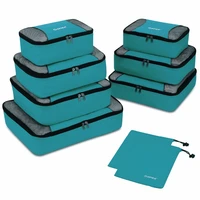 3 pcs travel storage bag set packing cube rip stop nylon travel organizer packing set clothes suitcase luggage organizer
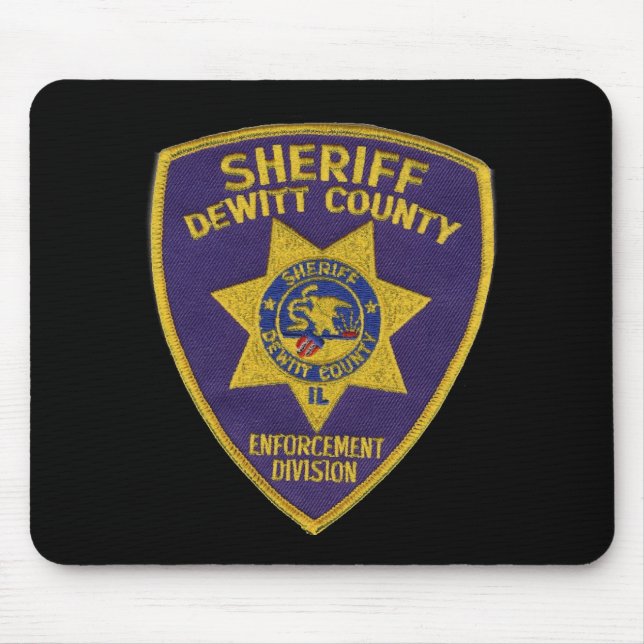 DeWitt County Sheriffs Dept Patch Mouse Pad (Front)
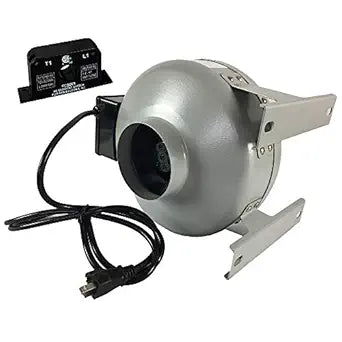 Tjernlund M-49504351 4 in. Metal in-Line Fan for Duct Boosting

■ EXERCISE GOAL
The required output is each line above restated verbatim, with all images omitted.

■ WRITTEN RESPONSE
 3 pcs travel storage bag set packing cube rip stop nylon travel organizer packing set clothes suitcase luggage organizer
 DeWitt County Sheriffs Dept Patch Mouse Pad (Front)
 Tjernlund M-49504351 4 in. Metal in-Line Fan for Duct Boosting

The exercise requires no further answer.